◆ **ASSIGNMENT**: Every line of the listing must be reproduced as it stands. Leave the images behind.

•••

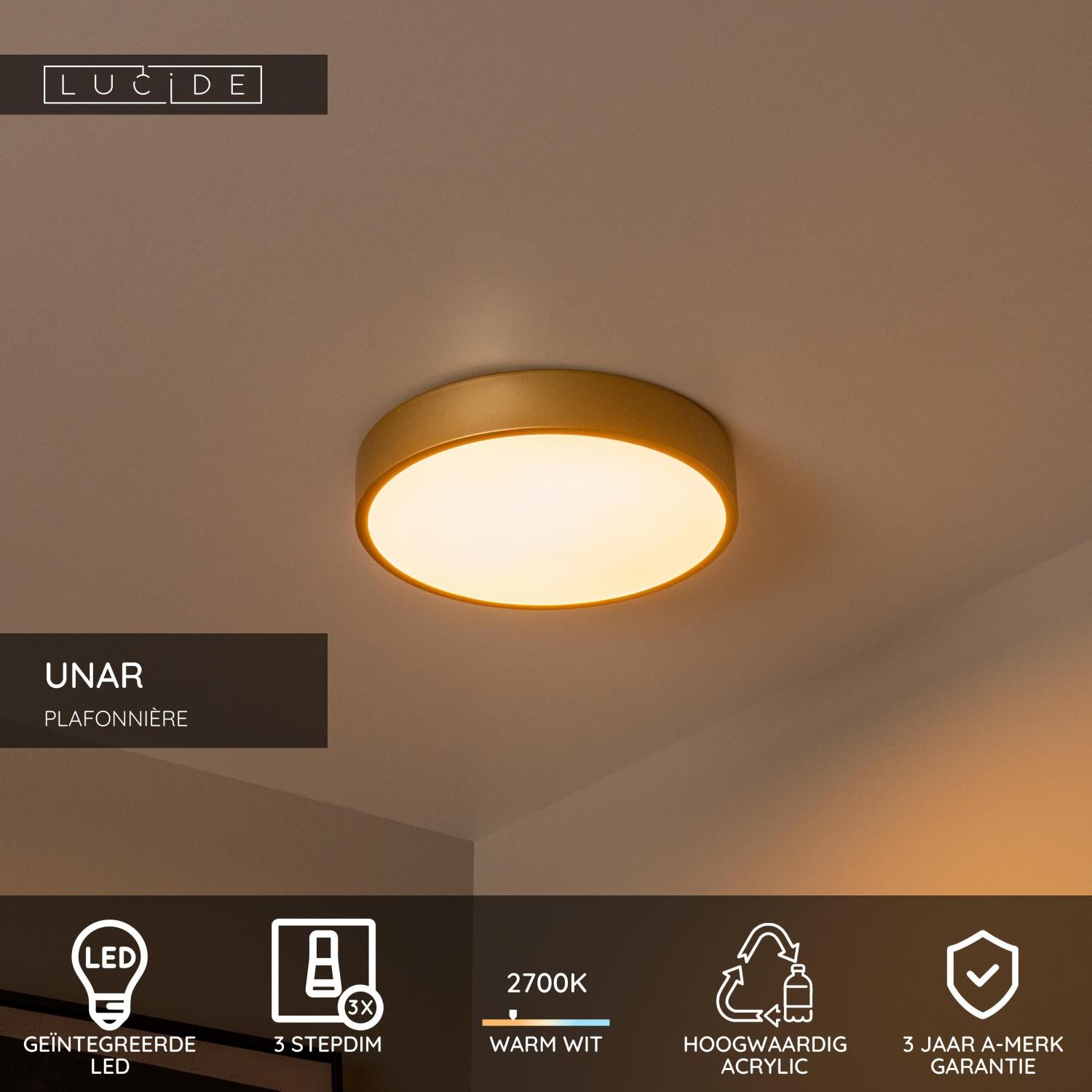 UNAR - Plafonnière - Ø 30 cm - LED 3 StepDim - 1x18W 2700K - Mat Goud / Messing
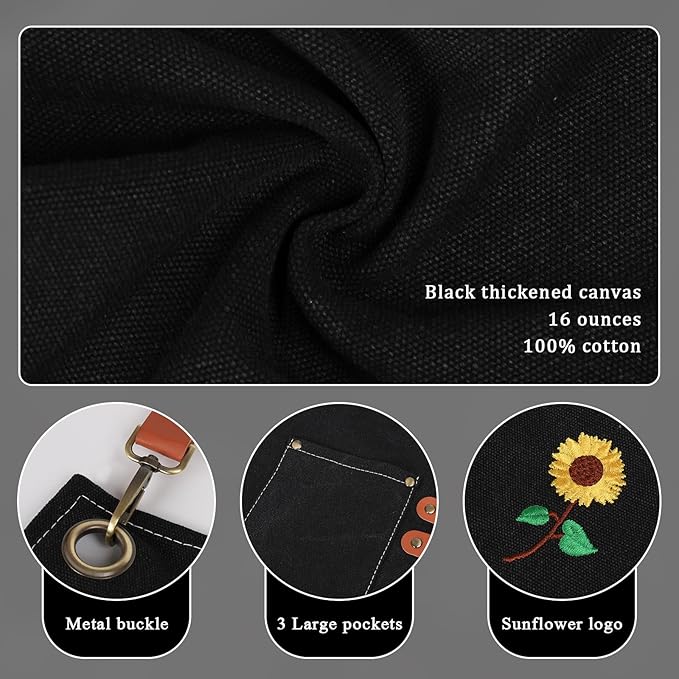 100% Cotton Canvas Apron | Unisex Cooking Apron for Men & Women with 3 Pockets & Adjustable Crossback Straps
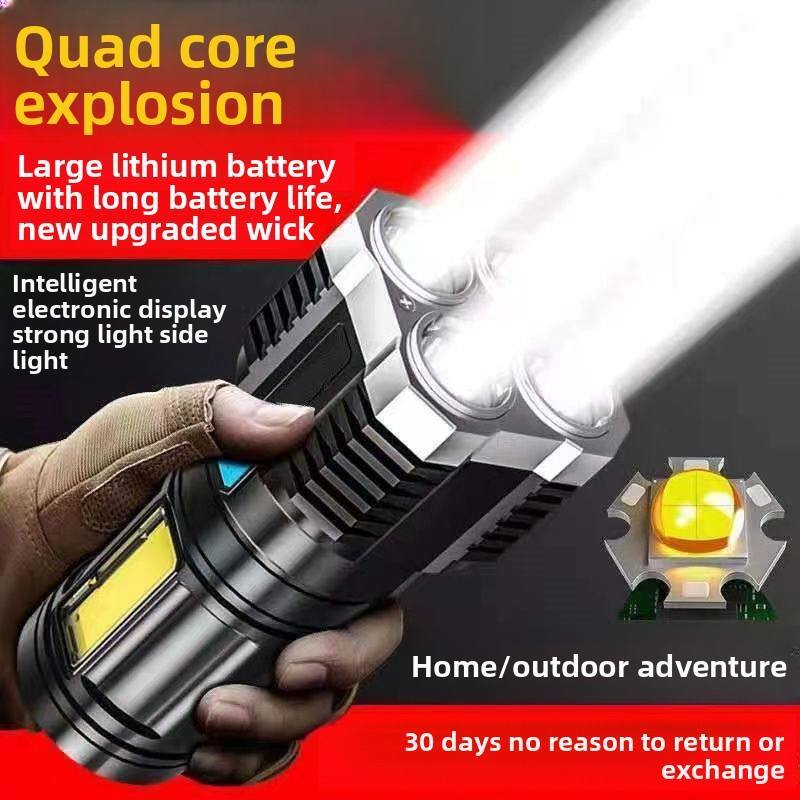 Quad core explosion  
Large lithium battery with long battery life, new upgraded wick  
Intelligent electronic display strong light side light  
Home/outdoor adventure  
30 days no reason to return or exchange
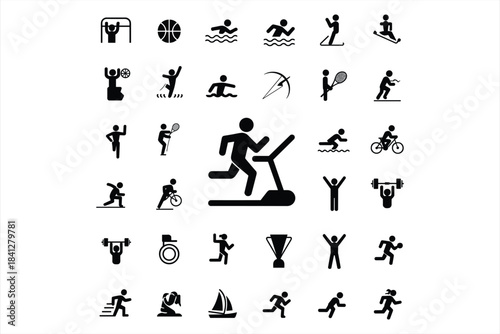 Collection of Black Sports and Fitness Icons on White Background running treadmill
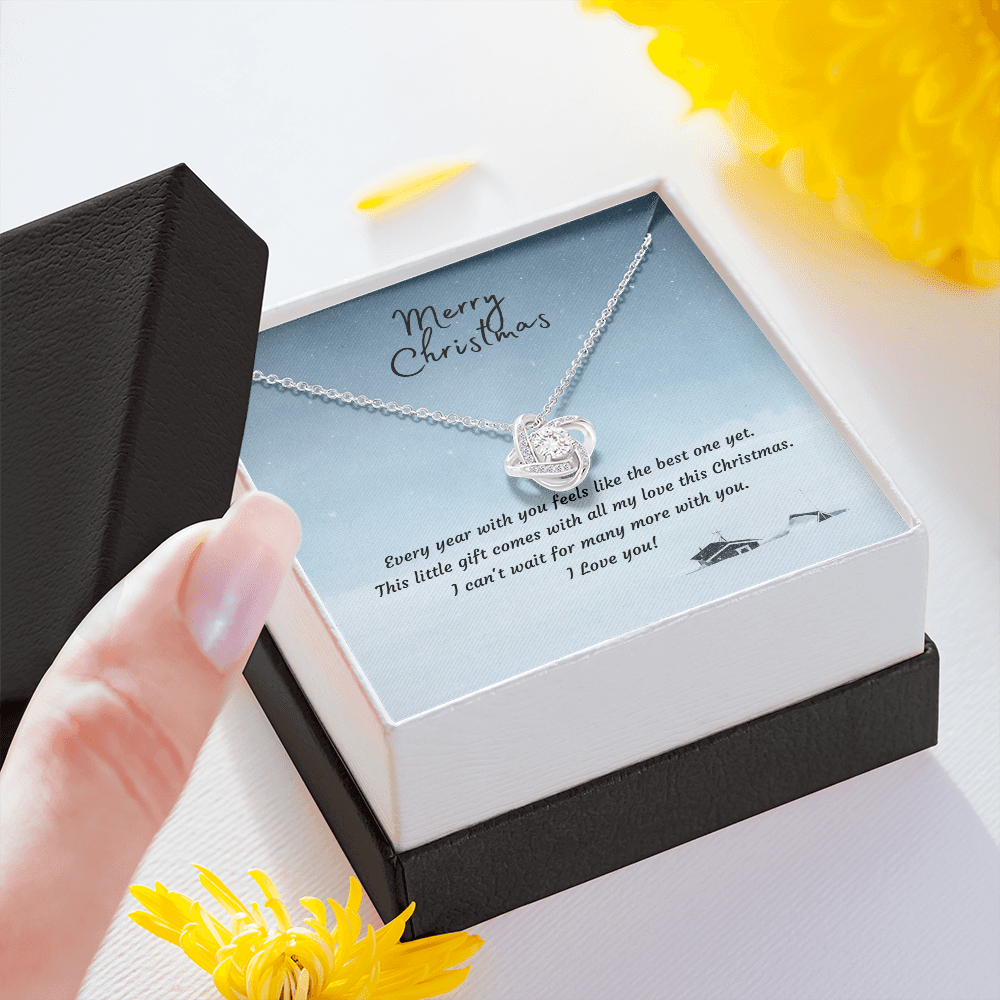 Christmas Gift for Wife or Girlfriend | Love Knot Necklace 14K White or 18K Yellow Gold Finish - Interlocking Heart Pendant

•••

◆ **RESULT OF THIS EXERCISE**:
 UNAR - Plafonnière - Ø 30 cm - LED 3 StepDim - 1x18W 2700K - Mat Goud / Messing
 100% Cotton Canvas Apron | Unisex Cooking Apron for Men & Women with 3 Pockets & Adjustable Crossback Straps
 Quad core explosion  
Large lithium battery with long battery life, new upgraded wick  
Intelligent electronic display strong light side light  
Home/outdoor adventure  
30 days no reason to return or exchange
 Collection of Black Sports and Fitness Icons on White Background running treadmill
 Christmas Gift for Wife or Girlfriend | Love Knot Necklace 14K White or 18K Yellow Gold Finish - Interlocking Heart Pendant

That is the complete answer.